Renan Philip também acredita que a modalidade tem evoluído junto com o volume financeiro que o mercado gera. Ele avalia que o cenário atual possui equipes que captam investimentos maiores de marcas ou até de fundos de investimento do exterior e que possuem estruturas grandes com profissionais de diversos mercados. “Principalmente publicitários, que puxam o carro para que a indústria possa se estabelecer como fonte segura de integração e influência para marcas, desenvolvedores e torcedores que se conectam em volta da paixão do gamer”, analisa.

Diretor do projeto de esportes eletrônicos do Flamengo, Fred Tannure também enxerga o mercado em constante crescimento, mas faz uma ressalva. “É muito importante que as organizações juntem cada vez mais suas forças para que as instituições não se tornem reféns dos publishers que controlam tudo e muito menos de jogadores mimados ou de ego inflado”, pontua.

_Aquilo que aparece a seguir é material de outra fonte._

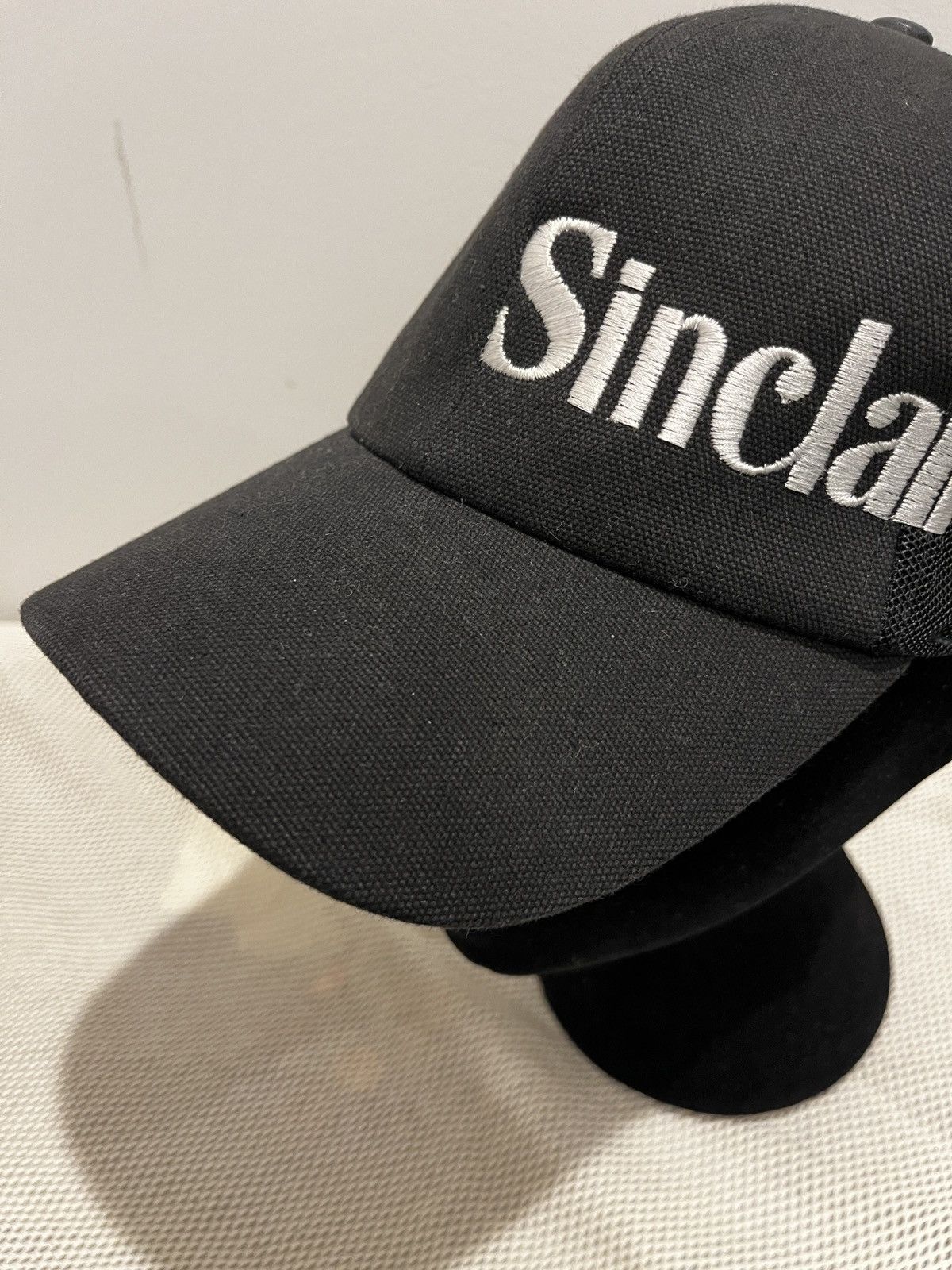 Sinclair Global Sinclair Global Embroidered Mesh Hat (unisex) Size ONE SIZE - 5 Thumbnail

Flamengo transferiu alcance do futebol para suas equipes de e-sports: clube é o mais lembrado da modalidade no País, segundo pesquisa da Sioux

De modo geral, os dirigentes especializados acreditam que entre os principais desafios do mercado está o de crescer, se desenvolver, profissionalizar ainda mais as competições e as entregas de conteúdo, além de convencer as marcas que o patrocínio esportivo é a principal e mais completa forma de se posicionar na modalidade. “Com a expansão do cenário de e-sports mobile no Brasil, por exemplo, novas possibilidades surgiram. A barreira do hardware que afastava os jovens de periferia por falta de um computador potente vem caindo e dando espaço para um novo tipo de pro-player e também uma nova audiência, que antes não era impactada pelas competições mais tradicionais”, lembra Leo.

Sobre as oportunidades, os dirigentes acreditam que para marcas há um grande universo inexplorado de contato com jovens engajados. Para empreendedores, há muitas oportunidades em investimento nos clubes já existentes. E para profissionais que tem expertise no meio esportivo, o e-sports se tornará cada vez mais atraente.

Por fim, Alex Watanabe, do Corinthians, reforça que o público da modalidade já é numeroso, e que o próximo passo do mercado é lutar para encaixar seus assets com as estratégias de marcas, agências e anunciantes. “Acreditamos que mais marcas precisam quebrar a barreira do novo, começar a ativar e-sports e assim entender do que todos estão falando tanto. Assim, tendo essa fonte de receita mais estabilizada, o ecossistema como um todo, dos canais de transmissão aos jogadores, continuará se consolidando ainda mais”, finaliza.